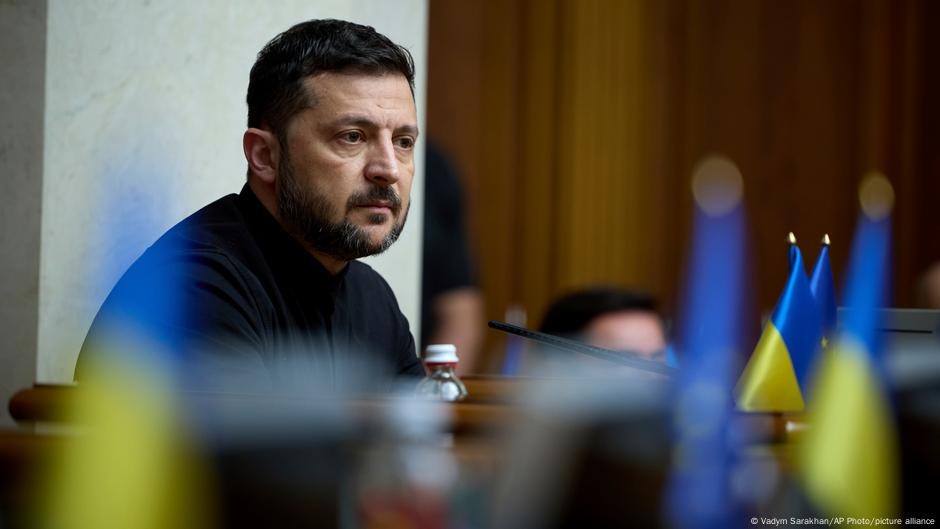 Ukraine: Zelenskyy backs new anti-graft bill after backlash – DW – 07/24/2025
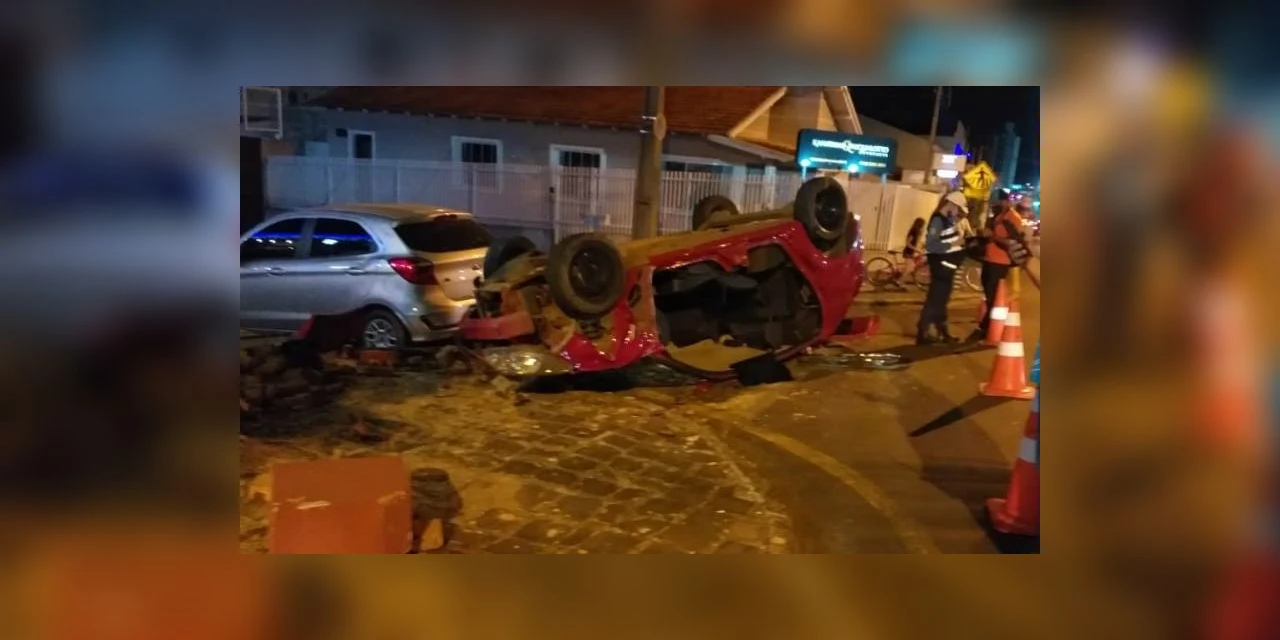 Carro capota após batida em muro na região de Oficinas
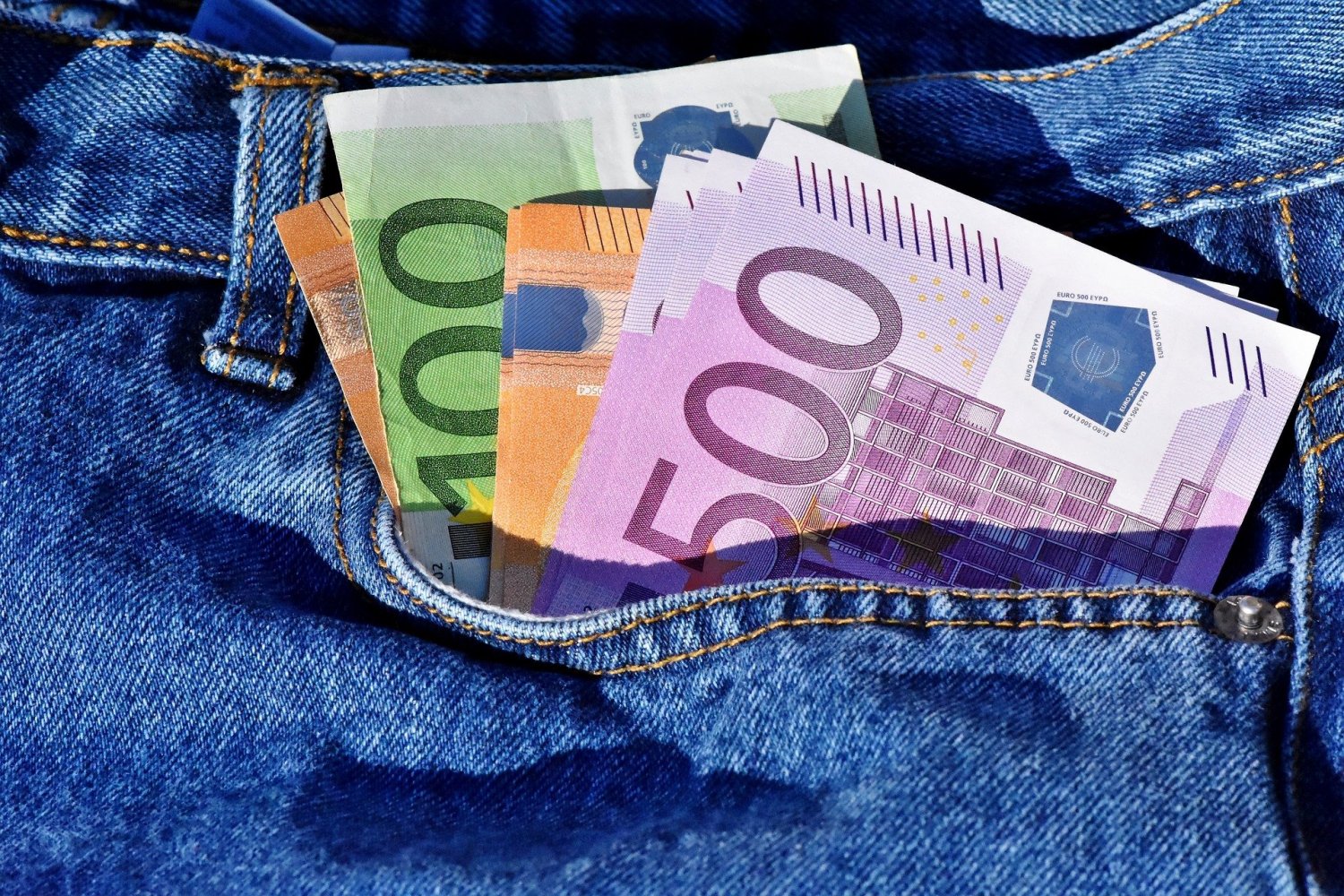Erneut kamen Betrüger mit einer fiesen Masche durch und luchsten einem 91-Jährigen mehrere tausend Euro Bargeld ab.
──────────
Description of the task: Return the material as it stands. Leave out the pictures.

Task answer:
 Ukraine: Zelenskyy backs new anti-graft bill after backlash – DW – 07/24/2025
 Carro capota após batida em muro na região de Oficinas
Erneut kamen Betrüger mit einer fiesen Masche durch und luchsten einem 91-Jährigen mehrere tausend Euro Bargeld ab.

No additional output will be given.